2. Visual Vanguard: An Exhibition of Contemporary Black Carolina Artist
Harvey B. Gantt Center For African American Art + Culture
Charlotte, NC
Closes: January 17, 2022
Visual Vanguard: A Exhibition of Contemporary Black Carolina Artists is the inaugural biennial for The Harvey B. Gantt Center for African American Art + Culture located in Charlotte, North Carolina. The exhibition centers the work of 25 Black artists associated with North Carolina and South Carolina. Curators, Stephen Hayes and David Wilson, both artists from Durham, were intent on presenting Black artists in the region who were producing exemplary work but are still operating under the public’s radar.
See Full Review of Exhibit at Visual Vanguard: An Exhibition of Contemporary Black Carolina Artists
3. 30 Americans
Columbia Museum of Art
Columbia, SC
Closes: January 17, 2022
30 Americans showcases works by many of the most important African-American artists of the last three decades. The featured artists include Nick Cave, Glenn Ligon, Lorna Simpson, Mickalene Thomas, and Kehinde Wiley. The exhibition focuses on issues of racial, sexual, and historical identity in contemporary culture as it facilitates a cross-generational artistic dialogue. All of the artworks in the exhibition are from the Rubell Museum’s permanent collection, which has been traveling throughout the United States for a decade.
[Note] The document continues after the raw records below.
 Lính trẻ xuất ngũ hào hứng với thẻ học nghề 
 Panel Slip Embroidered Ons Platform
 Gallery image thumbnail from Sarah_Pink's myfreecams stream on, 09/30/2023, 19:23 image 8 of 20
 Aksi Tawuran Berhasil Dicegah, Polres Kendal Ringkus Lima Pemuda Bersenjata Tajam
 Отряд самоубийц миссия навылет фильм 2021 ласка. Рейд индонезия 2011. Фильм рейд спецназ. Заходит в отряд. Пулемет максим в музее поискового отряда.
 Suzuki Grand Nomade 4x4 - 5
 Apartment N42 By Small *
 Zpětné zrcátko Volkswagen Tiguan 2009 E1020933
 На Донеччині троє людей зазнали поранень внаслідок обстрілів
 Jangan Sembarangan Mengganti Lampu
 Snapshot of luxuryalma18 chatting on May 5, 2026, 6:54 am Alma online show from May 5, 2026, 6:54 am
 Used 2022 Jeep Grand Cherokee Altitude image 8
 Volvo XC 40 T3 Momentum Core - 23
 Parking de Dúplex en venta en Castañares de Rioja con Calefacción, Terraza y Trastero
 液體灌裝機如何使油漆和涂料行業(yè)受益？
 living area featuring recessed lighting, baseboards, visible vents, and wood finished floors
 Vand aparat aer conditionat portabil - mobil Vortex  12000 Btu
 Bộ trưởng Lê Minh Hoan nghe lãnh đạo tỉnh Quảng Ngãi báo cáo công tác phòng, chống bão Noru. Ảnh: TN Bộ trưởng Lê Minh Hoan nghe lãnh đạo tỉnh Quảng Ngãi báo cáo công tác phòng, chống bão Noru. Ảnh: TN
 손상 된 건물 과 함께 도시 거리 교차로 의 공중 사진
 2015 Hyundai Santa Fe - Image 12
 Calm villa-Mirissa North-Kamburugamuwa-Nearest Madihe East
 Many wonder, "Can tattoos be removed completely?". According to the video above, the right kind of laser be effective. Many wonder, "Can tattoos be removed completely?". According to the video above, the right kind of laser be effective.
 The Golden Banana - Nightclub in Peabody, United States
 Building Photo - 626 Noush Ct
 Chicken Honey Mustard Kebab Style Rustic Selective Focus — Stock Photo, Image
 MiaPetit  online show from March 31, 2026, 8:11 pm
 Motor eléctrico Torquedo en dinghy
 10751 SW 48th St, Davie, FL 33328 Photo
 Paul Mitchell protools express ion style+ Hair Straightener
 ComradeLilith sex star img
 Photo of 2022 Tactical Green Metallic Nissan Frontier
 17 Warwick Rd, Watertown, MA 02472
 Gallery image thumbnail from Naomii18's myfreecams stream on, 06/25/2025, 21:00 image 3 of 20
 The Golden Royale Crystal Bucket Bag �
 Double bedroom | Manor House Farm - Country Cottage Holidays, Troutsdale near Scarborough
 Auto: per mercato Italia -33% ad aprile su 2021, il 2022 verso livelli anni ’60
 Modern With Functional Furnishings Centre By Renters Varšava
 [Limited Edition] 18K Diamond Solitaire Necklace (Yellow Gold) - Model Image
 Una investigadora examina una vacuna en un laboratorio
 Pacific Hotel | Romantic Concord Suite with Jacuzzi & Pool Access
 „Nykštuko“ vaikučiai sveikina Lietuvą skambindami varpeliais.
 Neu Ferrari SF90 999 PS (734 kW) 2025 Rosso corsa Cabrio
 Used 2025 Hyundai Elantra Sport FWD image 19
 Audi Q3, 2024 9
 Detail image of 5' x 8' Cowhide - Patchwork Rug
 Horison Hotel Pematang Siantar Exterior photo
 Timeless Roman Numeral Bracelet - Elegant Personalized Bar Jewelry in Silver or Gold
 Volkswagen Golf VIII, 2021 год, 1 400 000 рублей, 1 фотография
4. Alma Thomas: Everything is Beautiful
The Phillips Collection
Washington, DC
Closes: January 23, 2022
Alma W. Thomas: Everything Is Beautiful is an important retrospective that traces her life from semi-rural Georgia to Washington, D.C. The Howard University graduate became the first Black woman given a solo show at the Whitney Museum of American Art at age 81. Through Thomas’s artworks and archival materials, this exhibition shows how her artistic practices extended far beyond her studio and into other areas of her life such as community service, teaching, and gardening.
5. AFRO-ATLANTIC HISTORIES
Museum of Fine Arts, Houston
Houston, TX
Closes: January 17, 2022
Afro-Atlantic Histories presents works by artists from 24 countries to examine the 450-year Atlantic Slave Trade. The exhibit explores changing viewpoints across time and geography through major paintings, drawings, prints, sculptures, photographs, time-based media art, and ephemera. The range extends from historical paintings by Jean-Baptiste Debret, Frans Post, and Dirk Valkenburg to work by Harlem Renaissance artist, Aaron Douglass, to contemporary art by Kara Walker. The exhibition premiered in 2018 at the Museu de Arte de São Paulo (MASP) in Brazil.
Viewer discretion advised this exhibition
6. Sanford Biggers: Codeswitch
California African American Museum
Los Angeles, CA
Closes: January 23, 2022
Biggers began creating quilts in 2009 when he was commissioned by Hidden City Philadelphia to produce a work for the Mother Bethel African Methodist Episcopal Church, a stop on the Underground Railroad. Sanford Biggers: Codeswitch is the first survey of quilt-based works by the New York-based interdisciplinary artist. The exhibit features nearly 50 pieces that reference contemporary art, African-American culture, sacred geometry, and more.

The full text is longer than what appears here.